Sultan Sencer de konuşmasına ve mektuplarına; “Allah'ın lütfü ile cihan padişahlığına yükseldim. Allah, bu dünyayı bizim tasarrufumuza vermiş ve bize emanet etmiştir. Bütün emirler ve hükümdarlar bizim memurlarımızdır” diye başlarmış.

İSTEMİ HAN:

İstemi Han ise Türklerin Cihan hâkimiyeti idealini kastederek; “Roma elçileri huzurumuza geldi. Bu bizim için yeryüzünü fethedeceğimize işaret eder” demiştir.

SULTAN ALPARSLAN:

Sultan Alparslan’ın Türklere: ”Aslan ve kartal yavruları gibi olunuz; yeryüzünde gece-gündüz uçunuz; artık Romalılara ve Hıristiyanlara aman vermeyiniz”.  (Prof.
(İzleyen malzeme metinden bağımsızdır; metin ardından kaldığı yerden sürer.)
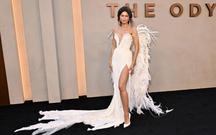 Vì sao Zendaya, Kylie Jenner chuộng thương hiệu thời trang mang tên "Phân"?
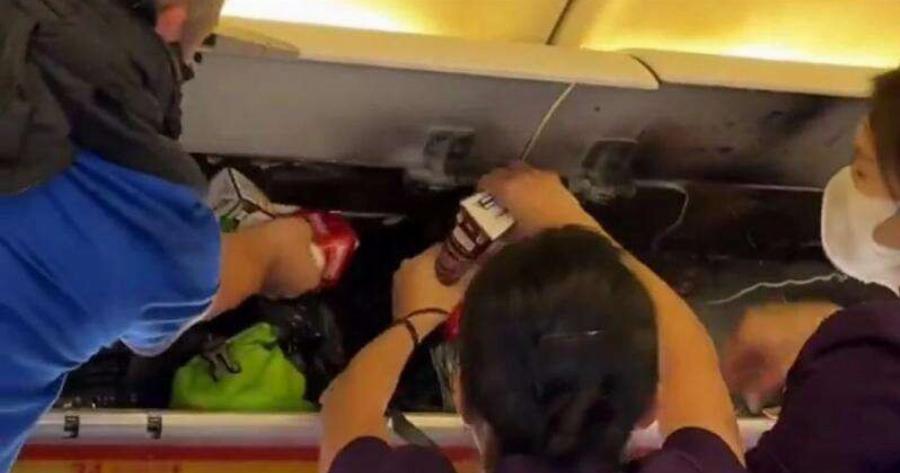 Tpoμoς στον αέρα: Φωτιά σε καμπίνα αεροπλάνου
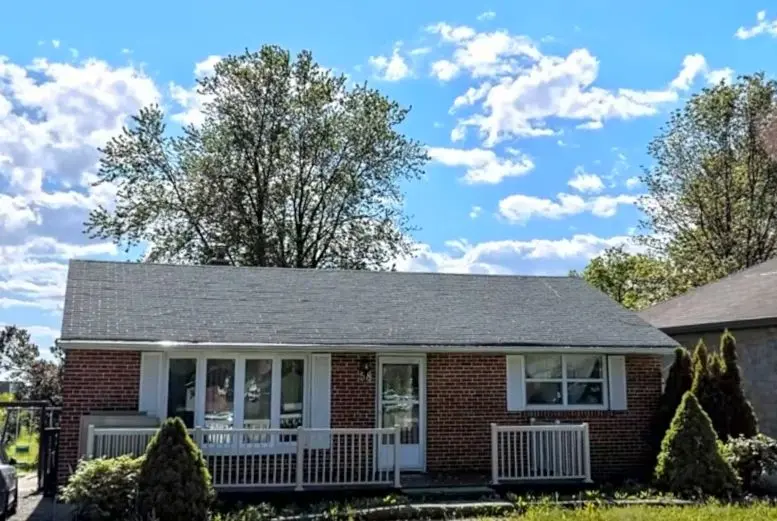 98 Thornton AVE #Main, Bradford West Gwillimbury, ON L3Z 1N4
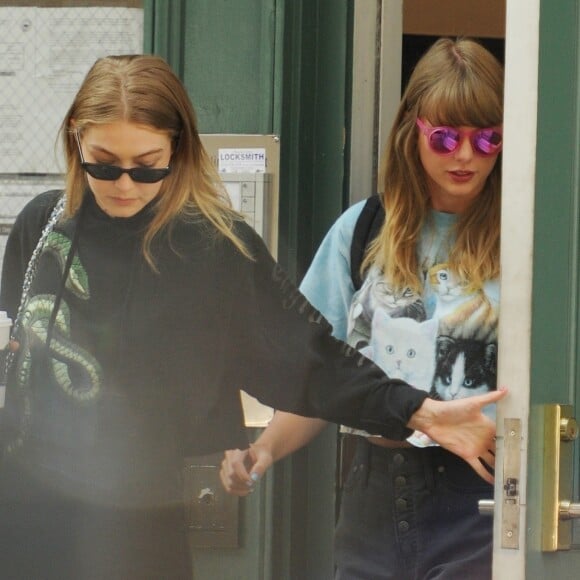 Taylor Swift et Gigi Hadid ont été aperçues dans les rues de New York, le 13 juillet 2018.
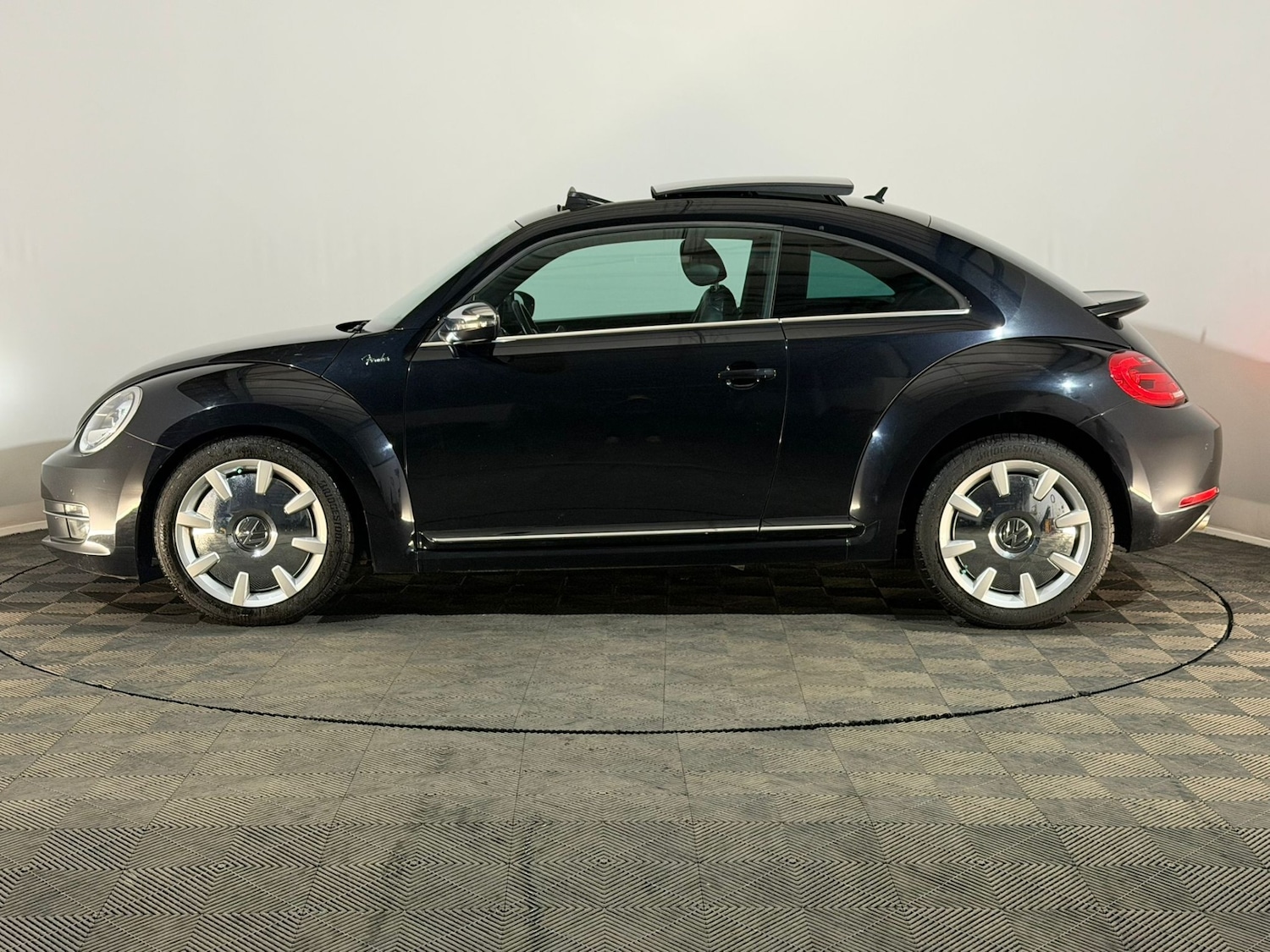 Used Volkswagen Beetle 2013 for sale - 77726476: Photo 5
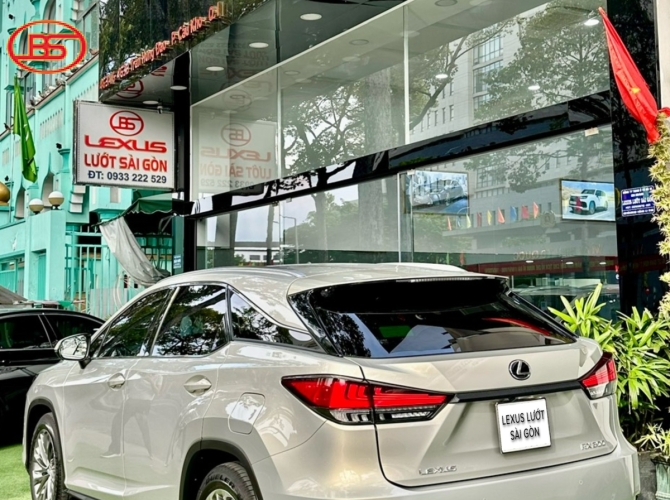 Lexus RX300 2021 vàng cát nội thất nâu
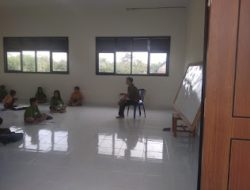 Harap Dinas Pendidikan Sintang Peduli, Hingga Saat Ini Para Murid SD Negeri 13 Sepan Lebang Masih Belajar Di Lantai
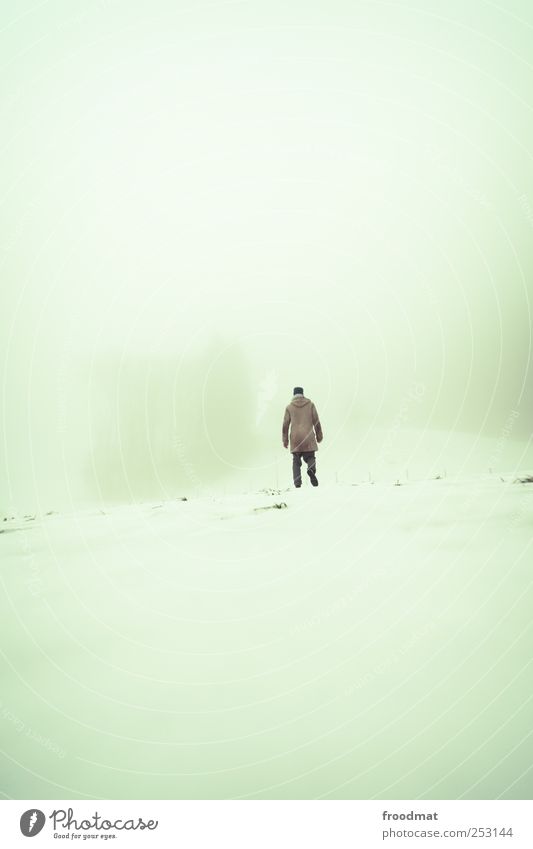 orientierungslos Mensch maskulin Mann Erwachsene Umwelt Luft Winter Unwetter Nebel Schnee Hügel Alpen Berge u. Gebirge gruselig kalt ruhig Müdigkeit Angst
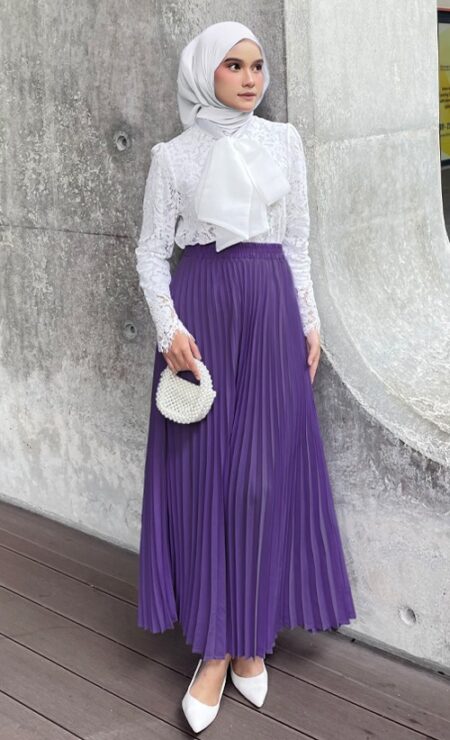 Azura Pleated Skirt In Purple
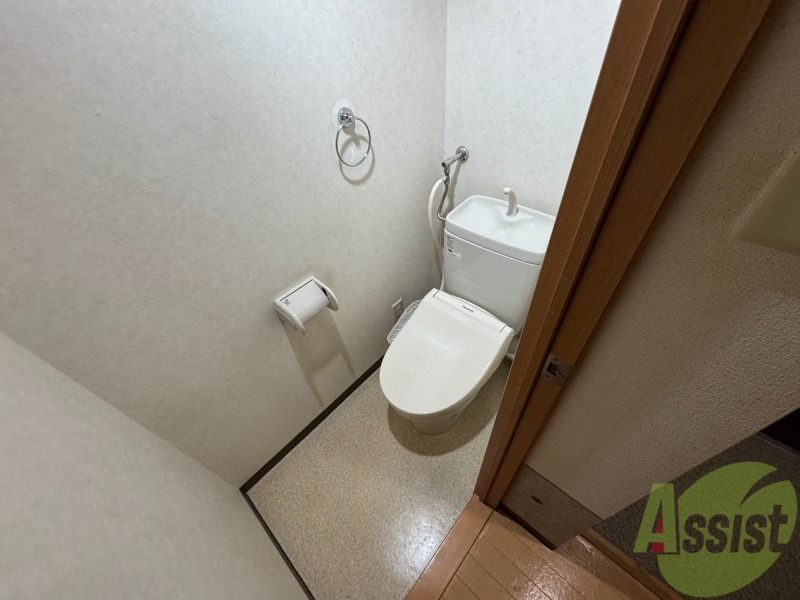 トイレ　こちらはトイレです。清潔感があり、安心して使用できます。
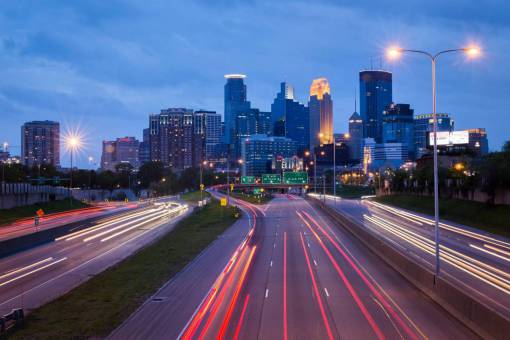 autopista Minneapolis ciudad tráfico urbano noche paisaje urbano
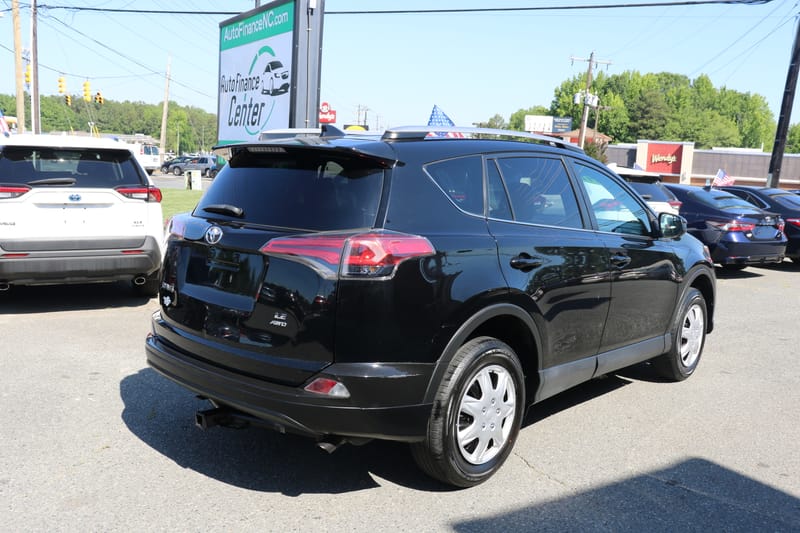2018 TOYOTA RAV4 LE - TOY702559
Dr. Osman Turan, Türk Cihan hâkimiyeti mefkûresi. I. Cilt, sayfa 204)

“Yüksek bir tepenin üzerine çıktığım sırada, ordunun büyüklüğü ve askerin kalabalığından arzın ayaklarımın altında sallandığını hissettim ve kendi kendime şöyle düşündüm: Ben, dünya hükümdarıyım, hiç kimse bana karşı güç yetiremez”. Sözü Türk hükümdarlarının cihan hâkimiyeti ideallerinin açık örnekleridir.  (H.İbrahim Hasan, İslâm Tarihi, shf. 35 Kayıhan Yayınları)

Sultan Alparslan; “Biz temiz Müslümanlarız, sapıklık nedir bilmeyiz. Bunun için Allah halis Türkleri aziz kıldı” derken Türklerin Allah tarafından görevlendirildiğini, üstün ve seçkin bir millet olduğunu ifade etmektedir.

Türklerin İslam’dan sonra da, Gök tanrı döneminde olduğu gibi kendilerinin Allah tarafından dünyayı idare etmek için görevlendirildikleri inancını, aynen devam ettirdiklerini görüyoruz.

TARİHÇİ RÂVENDİ:

Ravendi, Sultan Alparslan’ın Malazgirt zaferinin ardından şunu söylemiştir.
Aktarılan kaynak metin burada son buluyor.